Dataset section:
# # # #
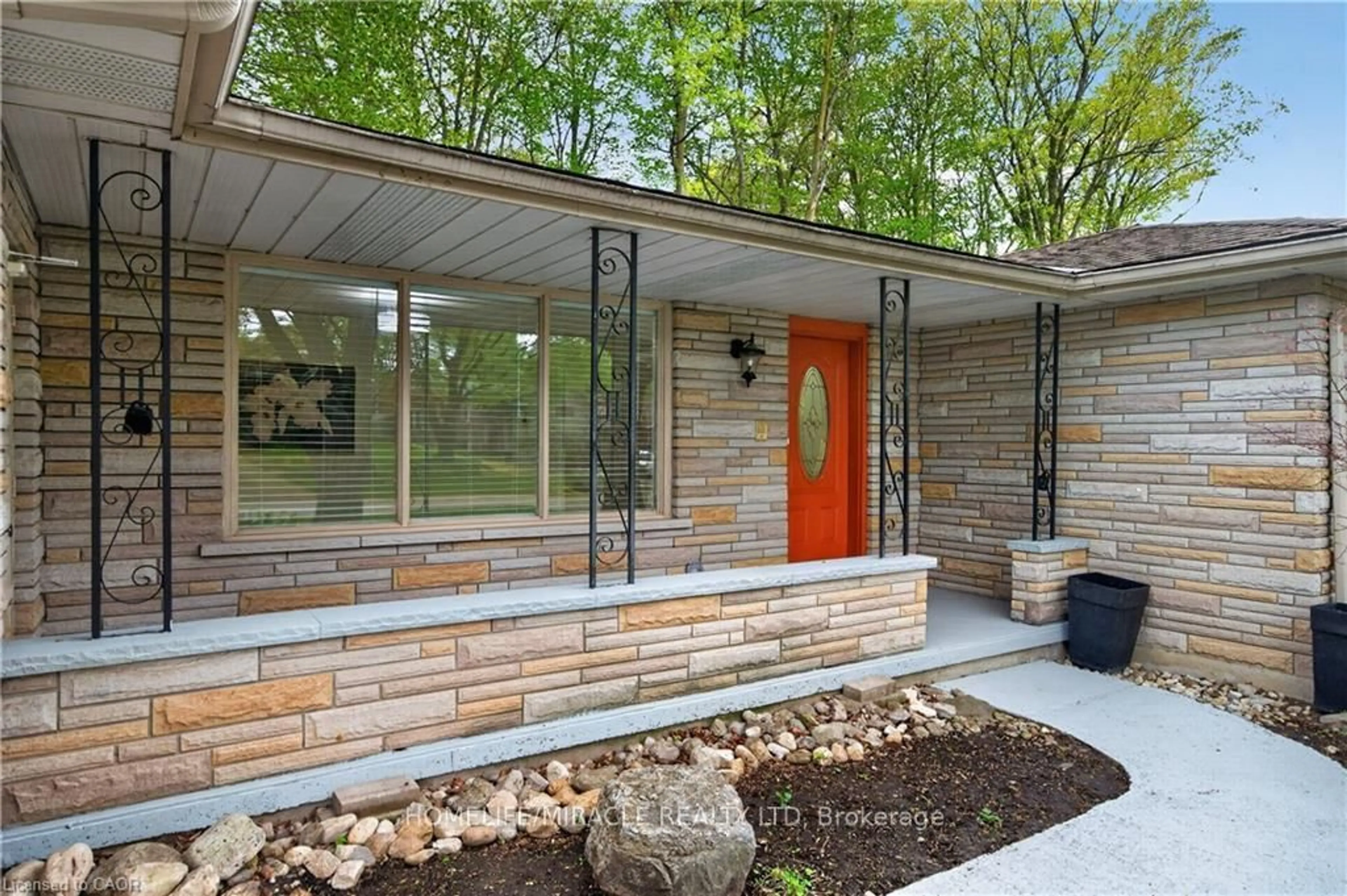 Home with brick exterior material, street for 217 Pinegrove Cres, Waterloo Ontario N2L 4V2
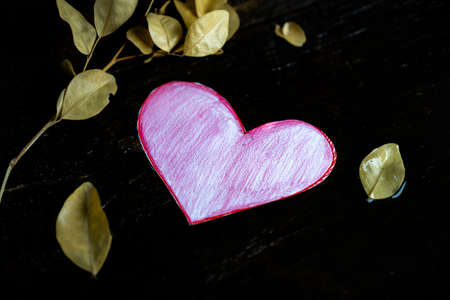 Pink paper heart on a wet wooden table ,And with dead leavesの写真素材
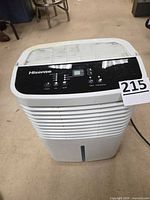 Front view of Hisense dehumidifier showing grille and size reference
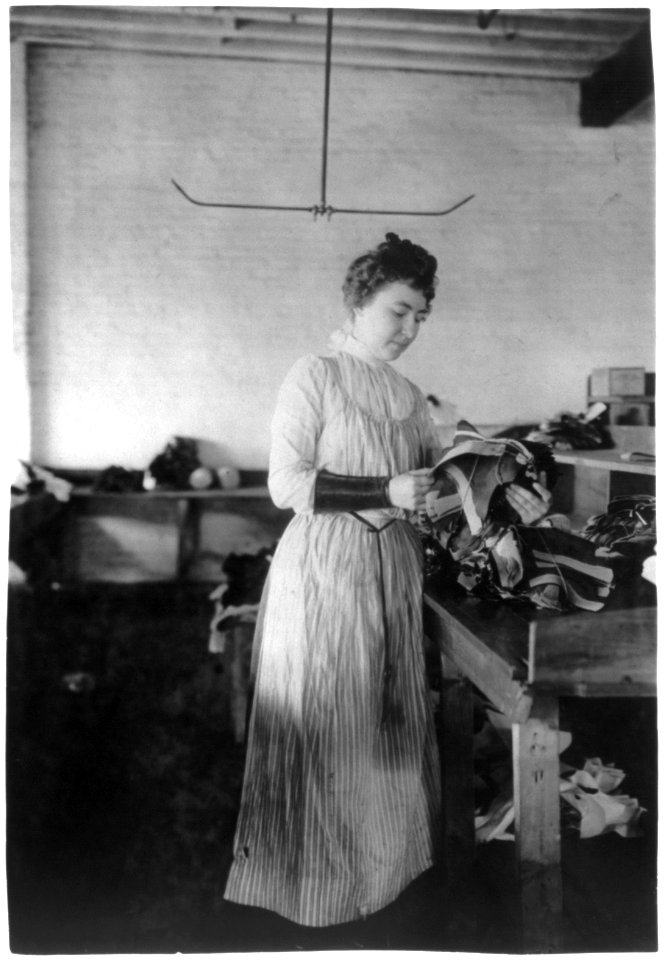 Woman distributing work in a shoe factory, Lynn, Mass. LCCN2006681291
# # # #
What you should do: Restate the listing above word for word and skip each picture.

Response below:
 Home with brick exterior material, street for 217 Pinegrove Cres, Waterloo Ontario N2L 4V2
 Pink paper heart on a wet wooden table ,And with dead leavesの写真素材
 Front view of Hisense dehumidifier showing grille and size reference
 Woman distributing work in a shoe factory, Lynn, Mass. LCCN2006681291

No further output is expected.